Tracy said she thought the creature was dead, but when Sandra splashed some water on its back, the dolphin appeared to “come to life.”
Sandra ran to a nearby house where she knew an RCMP officer lived to get help, but he wasn’t home. His sister, visiting from Ontario, returned to the beach with her.
Sandra estimates that the dolphin was about two metres long, and weighed about 80 kilograms.
Together, Sandra and the other woman figured they would attempt to manoeuvre the dolphin over slippery rocks about 15 metres to the water.
The two women then held the dolphin’s tail tightly, and dragged the animal through the seaweed and mud into the Bay of Fundy.
Tracy said it took them about 20 minutes to get the dolphin back into the water, stopping only to occasionally douse the animal with water from the bay.
Sandra said that once the dolphin reached the water, and after a little prompting, it swam off, turning back once “as if to say goodbye.”

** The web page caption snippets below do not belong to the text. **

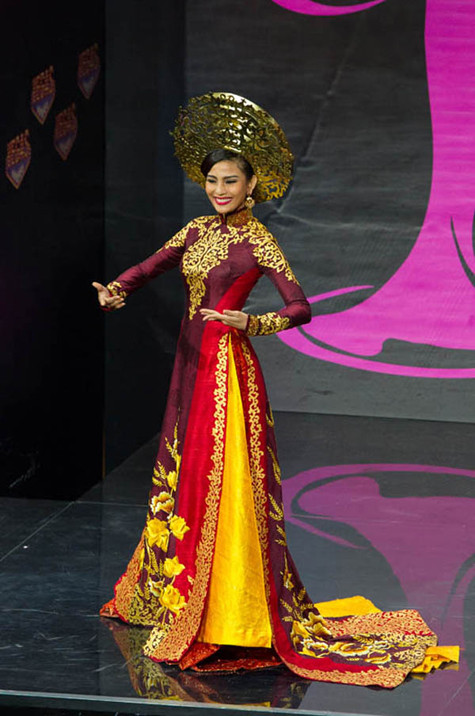 Phần thi trang phục dân tộc thuộc khuôn khổ cuộc thi Hoa Hậu Hoàn Vũ 2013, bộ trang phục dân tộc của Trương Thị May được thực hiện bởi nhà thiết kế Thuận Việt được xếp vào top 10 quốc phục đẹp nhất theo bình chọn của trang web uy tín khác là Missosology Phần thi trang phục dân tộc thuộc khuôn khổ cuộc thi Hoa Hậu Hoàn Vũ 2013, bộ trang phục dân tộc của Trương Thị May được thực hiện bởi nhà thiết kế Thuận Việt được xếp vào top 10 quốc phục đẹp nhất theo bình chọn của trang web uy tín khác là Missosology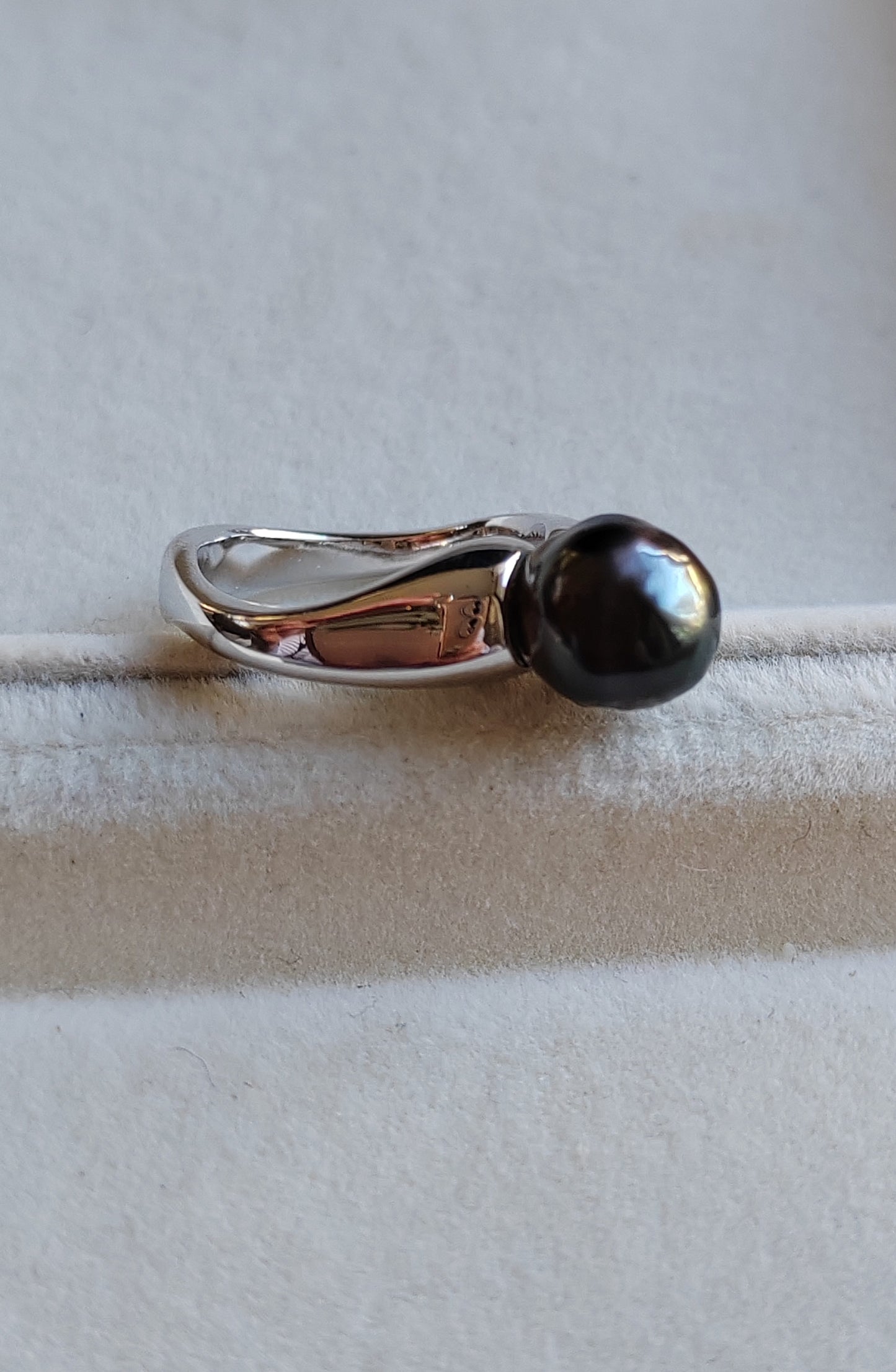 8.9mm Genuine tahitian south sea pearl classic ring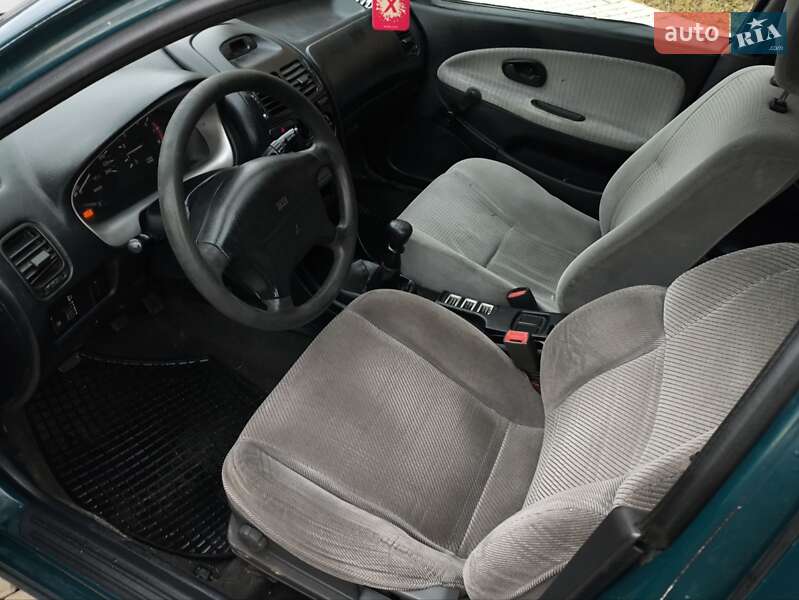 Ліфтбек Mitsubishi Carisma 1996 в Надвірній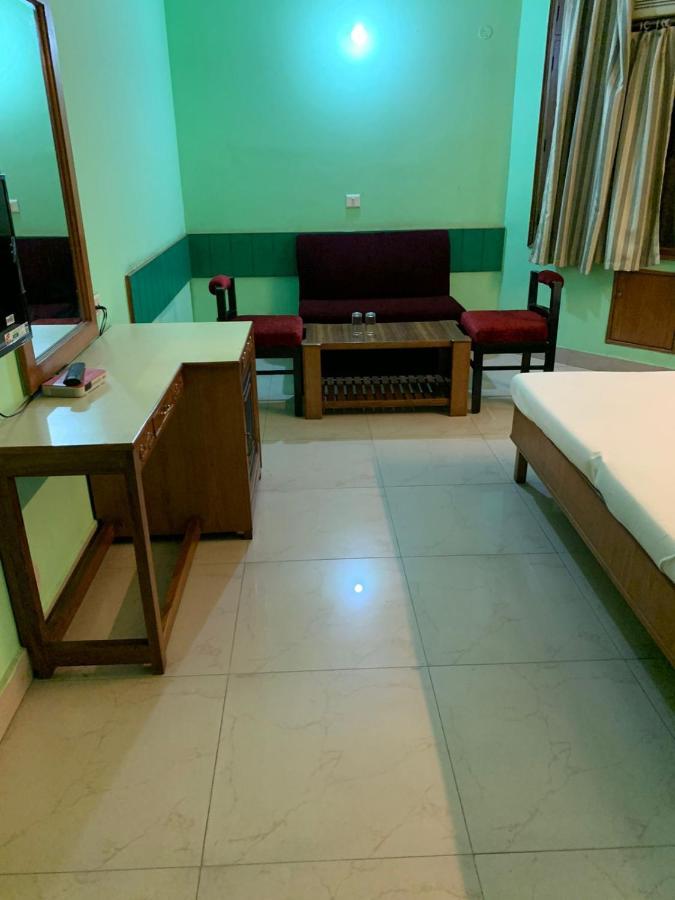 Hotel Raman'S Jagadhri ภายนอก รูปภาพ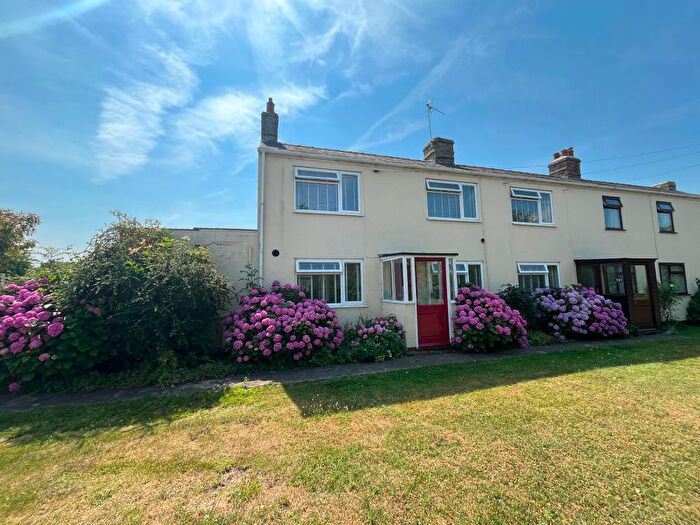 3 Bedroom Semi-Detached House For Sale In St. Johns Road, Ely, CB6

After looking at photographs taken during the rescue, Andrew Reid, with the Marine Animal Response Society in Nova Scotia, identified the animal as an Atlantic white-sided dolphin.
While Reid said he is happy that Sandra and Tracy stepped up to save the dolphin, he said it is generally unwise for the public to attempt a rescue on their own.
“People can get hurt, and it’s safer for the animals.”